Resistance, Fitness, and Compensatory Mutations
The antimicrobial pressure may drive the evolution of its resistance, which may be associated with reduced bacterial fitness. There is evidence that the probable “evolutionary price” of a new antibiotic resistance is lowering fitness, and it must be determined genetically [457,458,459,460]. The phenotypic consequences are reflected in the geometry adaptations [461,462]. However, compensatory mutations [461] may change the pattern and might be an explanation of the dissemination of colistin-resistant A. baumannii isolates [63,463]. This might be an explanation for the dissemination of colistin-resistant A. baumannii isolates [203]. Using precise, high-throughput fitness measurements for genome-wide E. coli gene deletion strains, with eight antibiotics, the width of the distribution of fitness effects (so-called DFE) mutations, which occur spontaneously from one antibiotic to another, is lower than in the absence of the antibiotic stress [462]. Unlike the DFE mutations, the magnitude of the changes in tolerated drug concentration, resulting from genome-wide mutations, are similar for most drugs but are exceptionally small [464].
Collateral Sensitivity
In a large-scale laboratory evolutionary experiment, Lázár and her associates discovered a novel trend in the evolution of antibiotic hypersensitivity in E. coli called collateral sensitivity [377,465,466,467,468]. Some populations which became adapted to amino-glycosides have especially low fitness in the presence of several other antibiotics. The whole-genome sequences of 63 independently evolved amino-glycoside-resistant strains demonstrated multiple mechanisms based on reduced proton-motive force (PMF) through the inner membrane. The comparison of captured determinants of the antibiotic cross-resistance interaction network demonstrated that convergent molecular evolution was predominant across antibiotic treatments, and the resistance encoding mutations simultaneously enhanced sensitivity to many other drugs [465]. This phenomenon is called collateral sensitivity [and illustrated on Figure 2B. As mentioned before, antibiotic-resistant bacteria show widespread collateral sensitivity to antimicrobial peptides [377].
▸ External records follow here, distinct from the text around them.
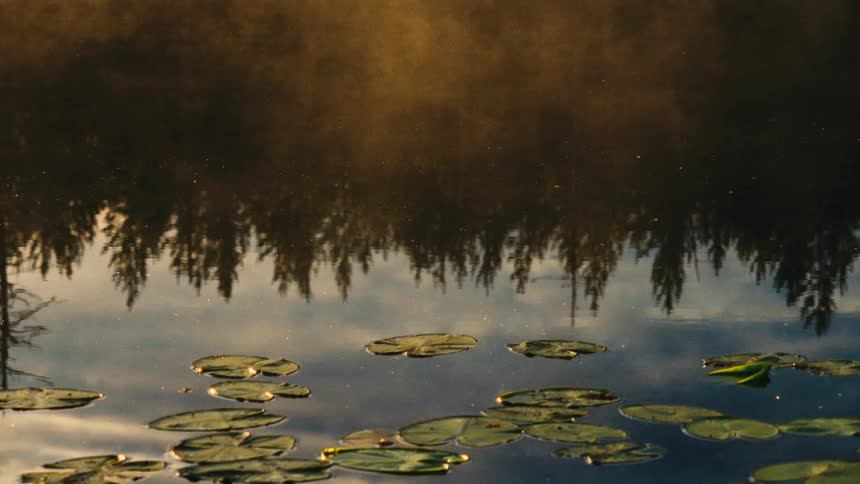 Mist rises from a calm pond covered in lily pads reflecting a distant forest at dawn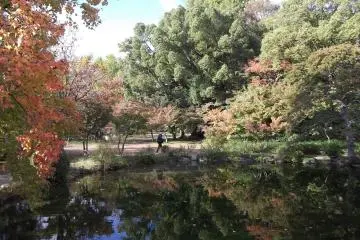 <p>The paths take you round the edges of the ponds</p>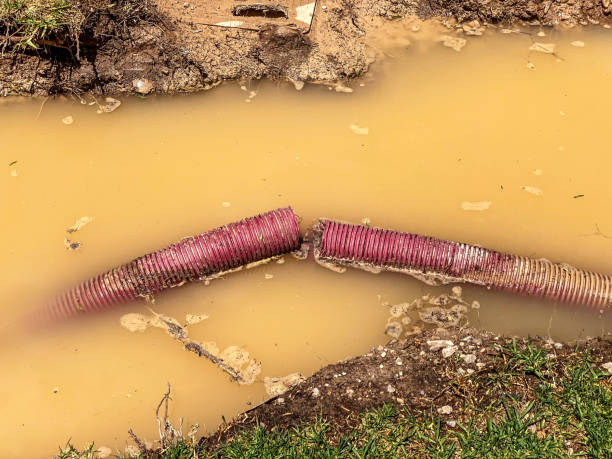 Best 24-hour water damage restoration  in Willards, MD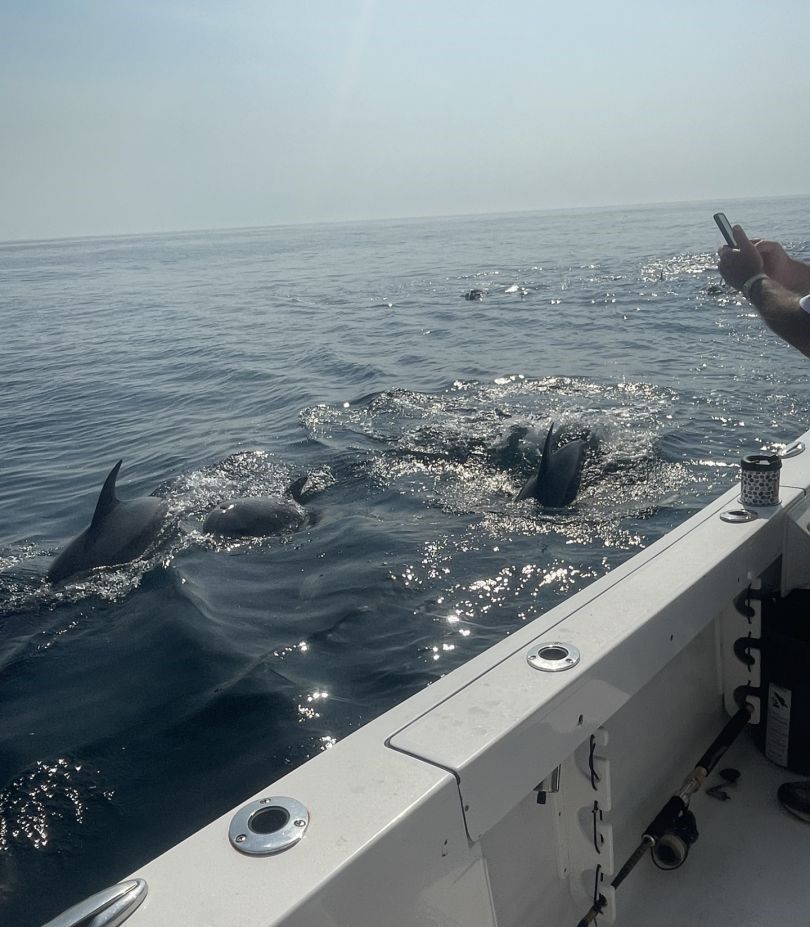 Pod of dolphins swimming alongside boat in ocean water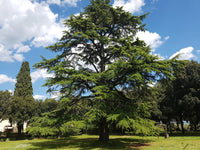 Blue Cedar glauca (Cedrus atlantica)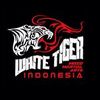 Sejasa.com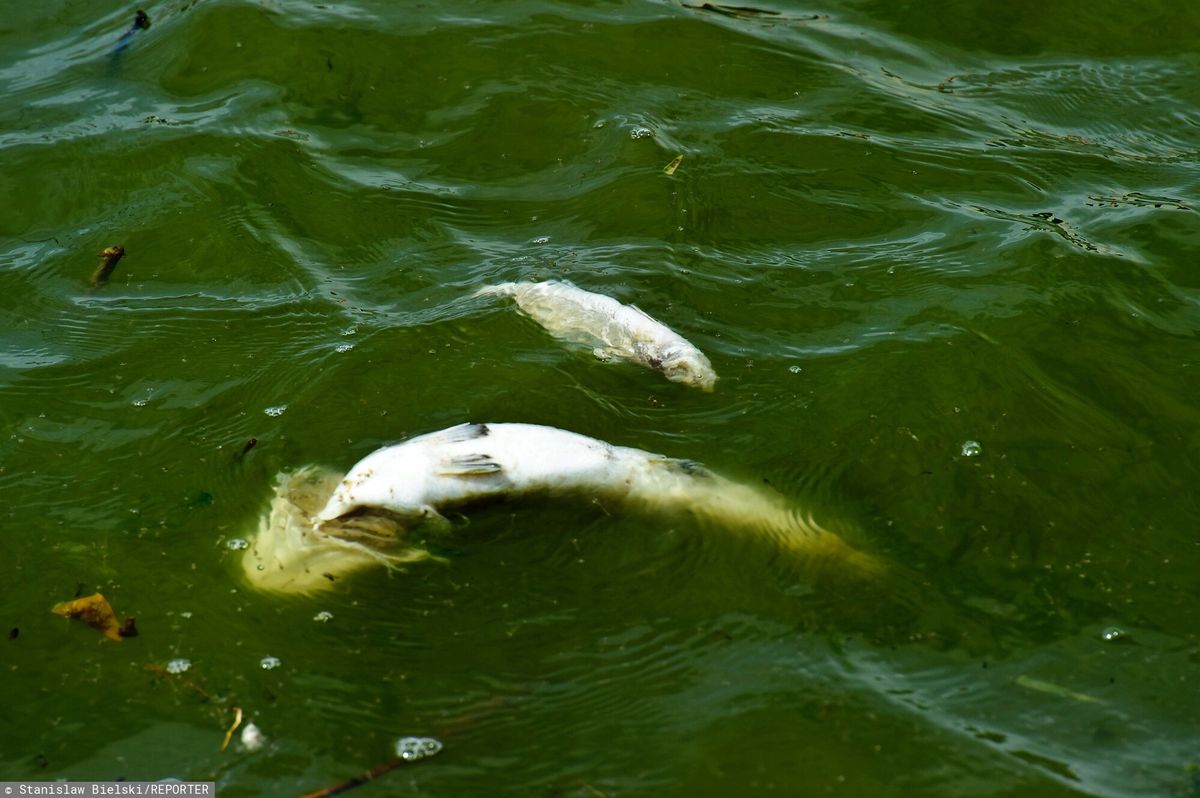 Martwe ryby w Zatoce Puckiej
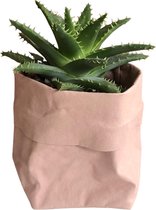 de Zaktus - Aloe Mitriformis - vetplant - UASHMAMA® paperbag roze - Maat M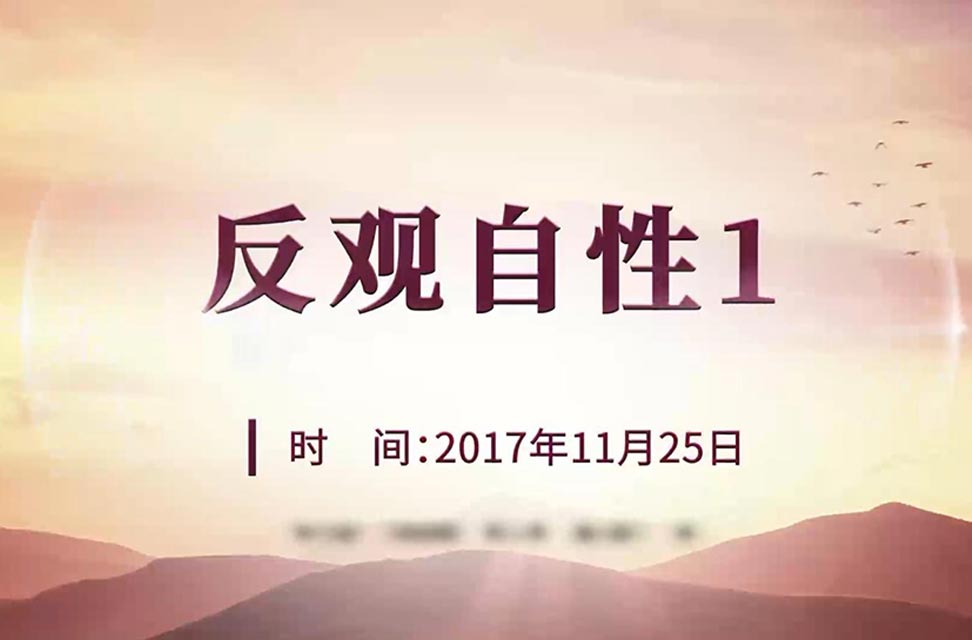 2017年11月25日—反观自性1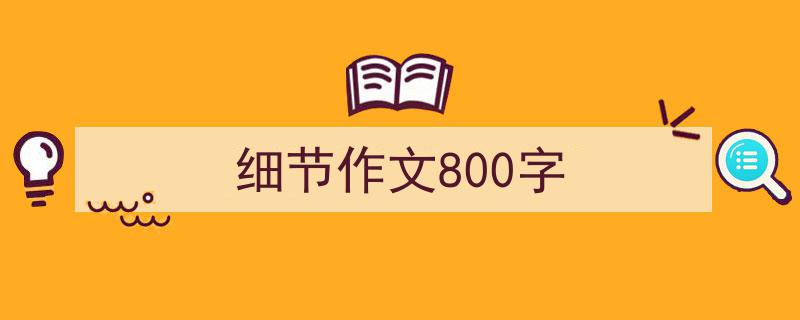 怎么写《细节作文800字》才能拿满分？（精选5篇）"/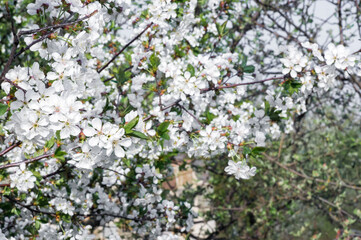 Branches of blossoming apricot macro with soft focus on gentle light blue sky background. For easter and spring greeting cards with beautiful floral spring abstract background of nature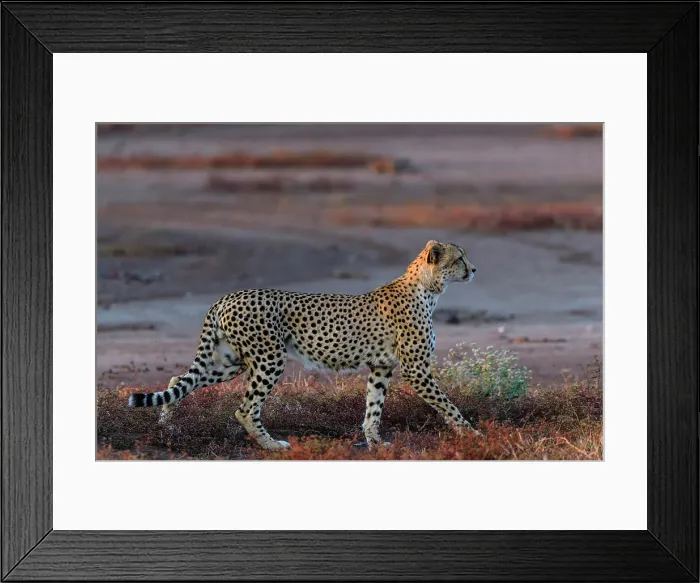 Framed Print : Mashatu Game Reserve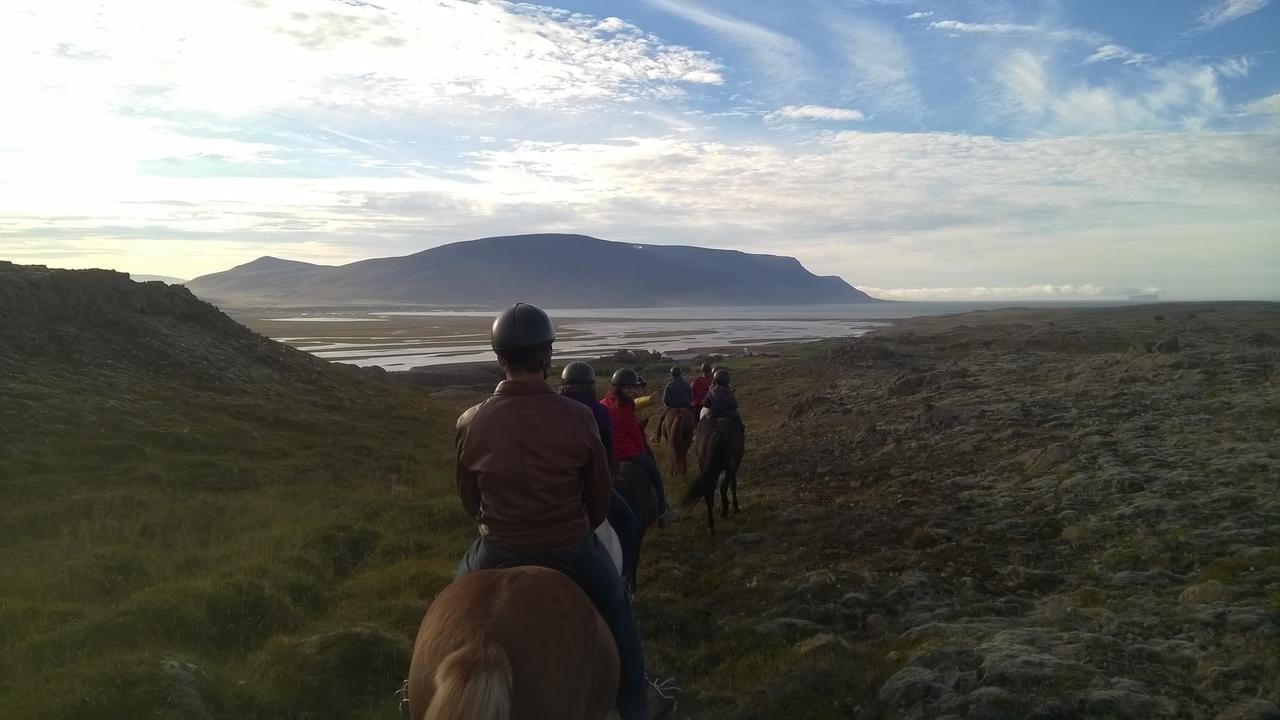 Icelandhorsetours - Helluland Saudarkrokur Екстериор снимка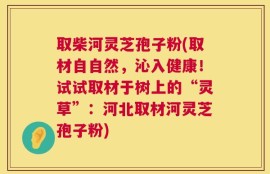 取柴河灵芝孢子粉(取材自自然，沁入健康！试试取材于树上的“灵草”：河北取材河灵芝孢子粉)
Antibiotic and Antimicrobial Resistance Genes are of Different Mobility Patterns
The antibiotic-resistant bacteria not only showed an unexpectedly high frequency of collateral sensitivity to antimicrobial peptides, while cross-resistances between the strains were rather rare [390], but clinically relevant multidrug-resistance mutations also increased susceptibility to antimicrobial peptides. As for mechanisms, collateral sensitivity in multidrug-resistant bacteria arise partly through regulatory changes shaping the lipopolysaccharide composition of the bacterial outer membrane. This information allows the identification of antimicrobial peptide and antibiotic combinations that enhance antibiotic activity against multidrug-resistant bacteria and slow down de novo evolution of resistance [377,468]. Furthermore, while the antimicrobial peptide (AMP) resistance genes are widespread in the gut microbiome, their rate of horizontal transfer is lower than that of antibiotic resistance genes [469]. Gut microbiota culturing and functional metagenomics have revealed that AMP resistance genes originating from phylogenetically distant bacteria have only a limited potential to confer resistance in E. coli, an intrinsically susceptible species [469].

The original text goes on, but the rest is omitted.